The screen doors slam every time.

The truth is that I’ve been working my ass off to feel well.  I’m in therapy.  I’m working a twelve step program (and I’m not even addicted to any substances!  Just particular behavioral patterns. And I’m willing to do ANYthing to feel GOOD).  I do yoga.  I exercise regularly.  I work for a juice company, for gosh sakes, and I consume superfoods on the regular.  I journal and map out my desired feelings and cuddle with cats.  I get loads of sunshine.  I ride my bike.  I have two loving alive parents and some good friends who I trust.  I’m white so I’m less afraid of my personal safety on a daily basis than a lot of my fellow humans and I have an advanced degree so odds of financial success are more in my favor.  I’m even in a relationship with someone who is loving, kind, smart, supportive, and inspired.   I’m on medicine for depression.

Boxes for okayness fucking checked.

And still, right now, I’m in Defeat City.

And I’m not even energetic enough to be as angry as I’d like to be about being here.  Sure, I’m pissed, but real anger would result in fuel.  Sometimes, in fact, that anger is what fills the tank and helps steer me back down those forlorn streets and out of Defeat City.  Puffing and spitting, my car rattles on fury, zooming out of there with haste and hope.  Fuck that place!  I flip it the bird as it minimizes in my rear view mirror.

Today I’m on the hammock on the porch in Defeat City.  Bookshelves sagging with self help books line the shelves inside, coats of dust adorning them like blankets.  “You Can Heal Your Life,” and “The Power of Now” peek out of a layer of grey.  Unlit candles with wet stunted wicks line the empty cast iron tub in the bathroom.  Above me a lazy outdoor ceiling fan spins listlessly, suggesting the movement of air but creating but a whisper of breeze.  Its sound and the buzzing of an electrical line through the trees are the only sounds besides an occasional door opening and closing.

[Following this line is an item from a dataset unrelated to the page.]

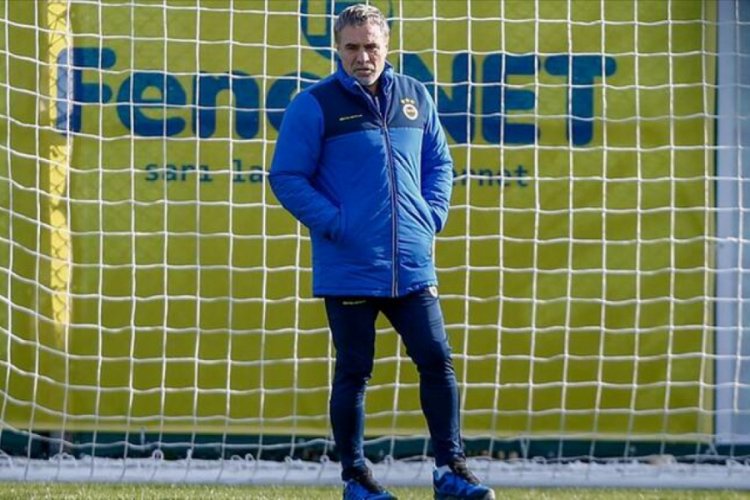 Ersun Yanal, 839 g&uuml;n sonra Trabzon'da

I’m tired of trying to make it better.

I’m tired of hearing myself ask the same damn questions about money.  About choices.  About persistence.  About geography.

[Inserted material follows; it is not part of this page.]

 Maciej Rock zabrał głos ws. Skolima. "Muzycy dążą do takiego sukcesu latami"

As I write this, I recall an essay I wrote ten years ago.  On the same damn thing.

The truth is that the things I want are not things I can get on my own.  Because the thing I want the most, the thing that takes my heart and immediately flips it to channel Home, is community.  Real live community, connection, people talking to each other and witnessing each other and playing together and eating together and waking up and going to sleep and building fires and playing games and asking questions and being quiet in each others’ presence and laughing and arguing and making music and reading books and crying and singing and staying.  And the thing is that there are people around me all of the time, all the damn time, and community is one smile or wink or hello away it seems, sometimes even proven.  A handshake at a yoga class, a hello on the park trail; pearls of connection, seeds of hope.

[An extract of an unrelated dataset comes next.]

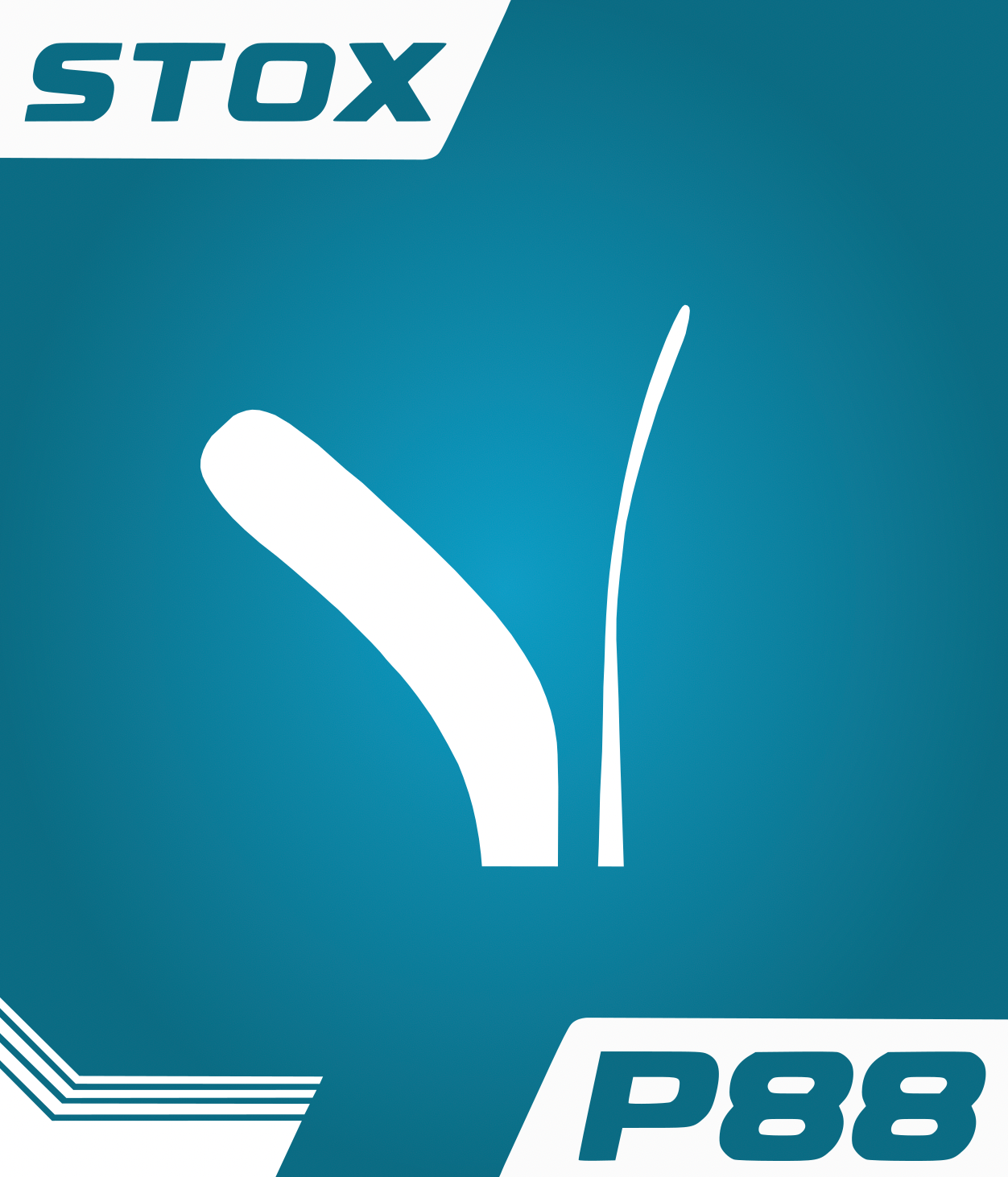 STOX LAZER HOCKEY STICK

But GADDAMN, I don’t want wisps.  I don’t want pearls.  I want a fucking solid brick house.  I want an entire oyster bed, a chamber full of necklaces.  I want big, committed, vibrant community.  I want people to want what I want: to grow food, to make plays, to raise animals, to tell stories, to heal each other, to listen, to invite in strangers, to sing songs, and to keep daring to do it together.  I don’t want to have to convince you all that it’s time to begin.  I want US to WANT it.  I want to survive this lifetime with people, process tragedies in each other’s physical presence, watch movies and discuss, make a salad big enough to share.

(Is this the road out of Defeat City?  Let’s find out.)

Will it rev the engine, start the train?